Real-world speech is not simple and podcasts present unique challenges for translating. There is often more than one person speaking. People speak over each other, they don’t speak in grammatically perfect English with clear punctuation, they pause and repeat themselves, and use slang or colloquialisms that make translations less than straightforward.
That is a challenge for the speech recognition side of the house, but all the steps are interconnected. A poor transcription of the original English will create a clunky translation to the new language and ultimately a muddled slew of words spoken by the host’s voice clone.
Tinsley says that in the case of a podcast there isn’t much room for error, due to the risk of mispresenting what someone said, which could feed the spread of misinformation, as well as presenting legal risks of defamation.
Another start-up that is pushing hard in this space is ElevenLabs. The US company’s profile shot up recently when it began working with New York City Mayor Eric Adams to generate Spanish and Mandarin versions of his voice to make robocalls to his constituents. It too works on podcasts, and creates voice clones for clients that can speak in various languages, but said it is wary of errors.
“We’re confident that our model translates content to a high degree of accuracy, but there is always room for improvement and we’re continually tweaking and working to improve the accuracy of our multilingual and translation tools,” an ElevenLabs spokesperson said.
“We encourage all users to check their recordings before publication and to label all AI-generated content as such, so listeners can be aware.”
Concerns have also been raised over the ethical and legal implications of voice cloning technology; UK performers’ union Equity has warned of potential risks to its members’ livelihood from companies recording a performance once and then translating it into multiple languages without adequate compensation for the actor, while a voice synthesis company drew criticism earlier this year when it launched a podcast using voice clones of Steve Jobs and Joe Rogan as a PR stunt to promote its technology.
Spotify did not respond to a request for comment on how it moderates translations.
Patchy performance
While the technology is scalable for larger audiences, according to industry experts, it still need refining and AI translations still need to train on a lot of data to mimic a voice to an adequate degree.
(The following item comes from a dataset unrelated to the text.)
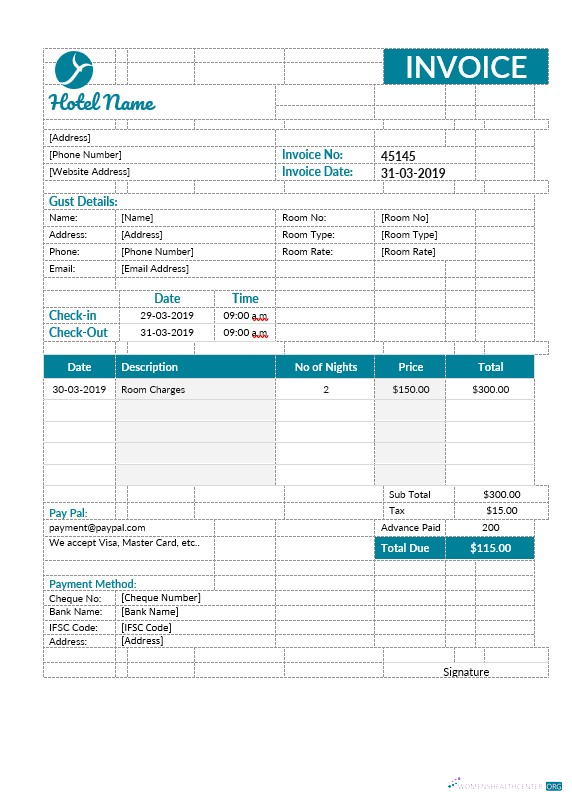 Download Hotel Room Invoice Template Photoshop template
Rossy says some researchers are working on techniques that can mimic voices based on a 60-second audio sample, but the results are patchy.
“I notice that the accent is not correct. Sometimes [the speaker] is speaking in French with an American accent, and then after it's going to be a Canadian accent, and then it's going to be a Spanish accent - so it's not very accurate yet.”
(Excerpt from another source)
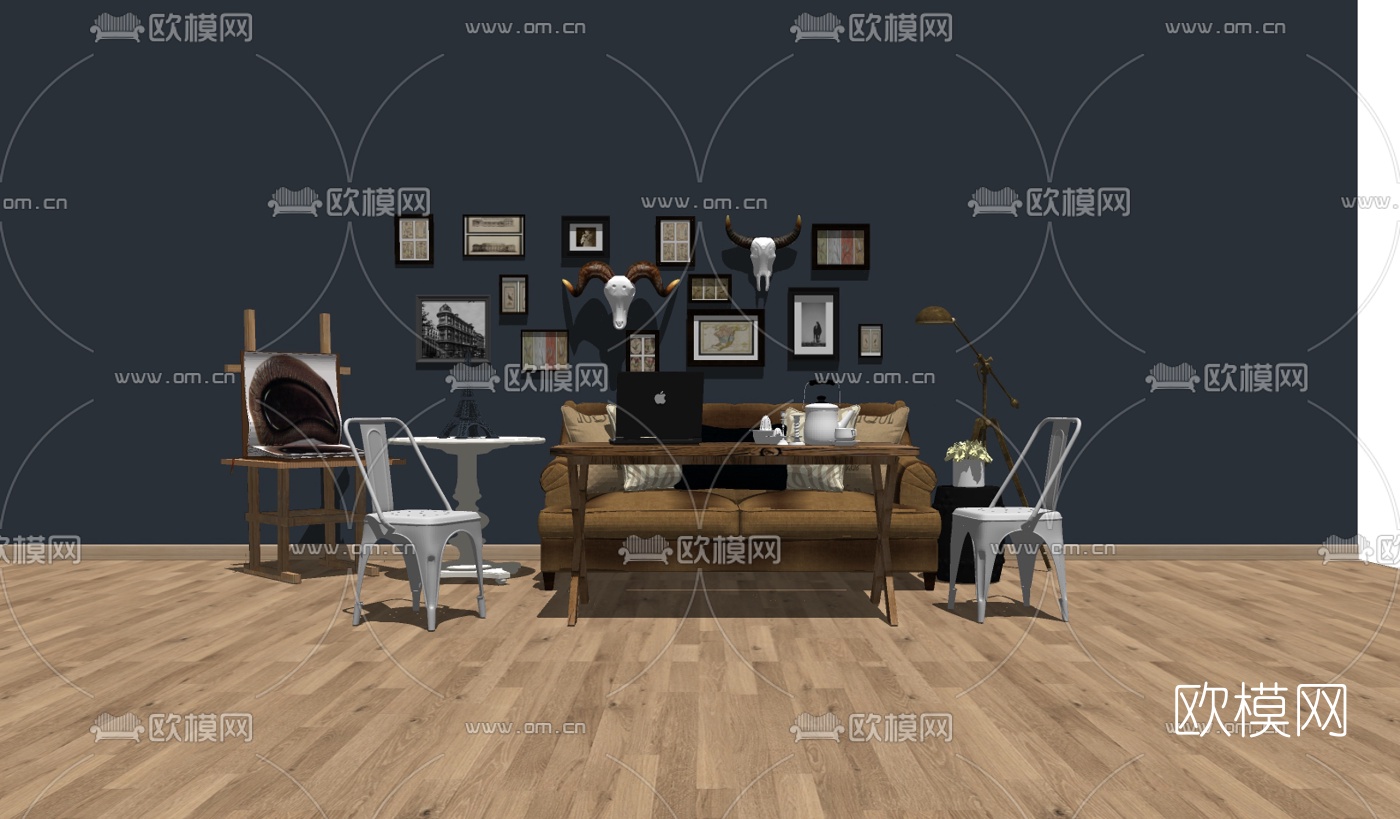 北欧沙发组合su模型下载（渲染图2）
Rossy says the tech also needs to improve on conveying the same emotion that was communicated in the tone of the original English. Tinsley adds that because AI language translations are commercially driven, podcast platforms will likely focus on languages like Spanish, given the large populations speaking it.
“Languages absolutely are not equal when it comes to these technologies,” he says. “You're unlikely to hear a podcast in Swahili or Georgian or Armenian or something like that. You don't have a lot of listeners in those countries or you’re not going to generate ad revenue from the podcast in those countries.”
“You’re not going to bother because the investment that would be required to get the quality up to scratch and the amount of humans you'd have to put in the loop is not commercially viable.”